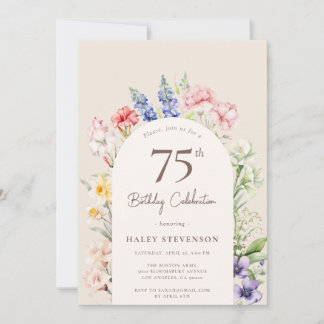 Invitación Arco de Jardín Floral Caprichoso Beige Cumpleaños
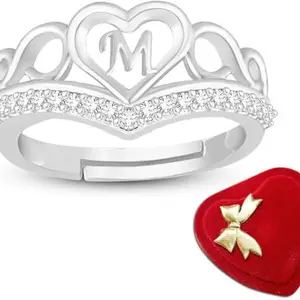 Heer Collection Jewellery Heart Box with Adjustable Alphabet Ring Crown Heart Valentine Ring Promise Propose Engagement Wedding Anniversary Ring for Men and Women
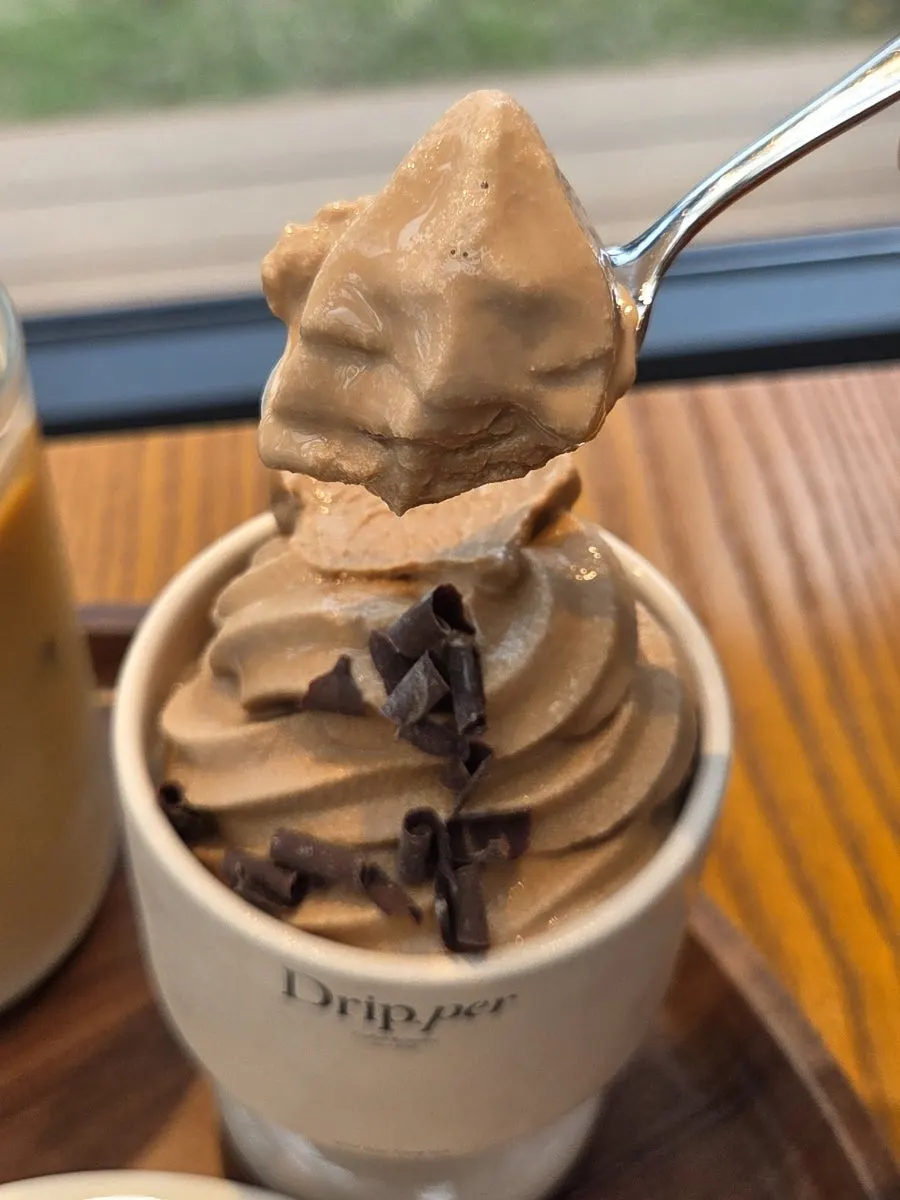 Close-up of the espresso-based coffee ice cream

ACTIVITY> From the first line to the last, output the data exactly; skip any pictures.

RESPONSE TO THIS TASK>
 Invitación Arco de Jardín Floral Caprichoso Beige Cumpleaños
 Heer Collection Jewellery Heart Box with Adjustable Alphabet Ring Crown Heart Valentine Ring Promise Propose Engagement Wedding Anniversary Ring for Men and Women
 Close-up of the espresso-based coffee ice cream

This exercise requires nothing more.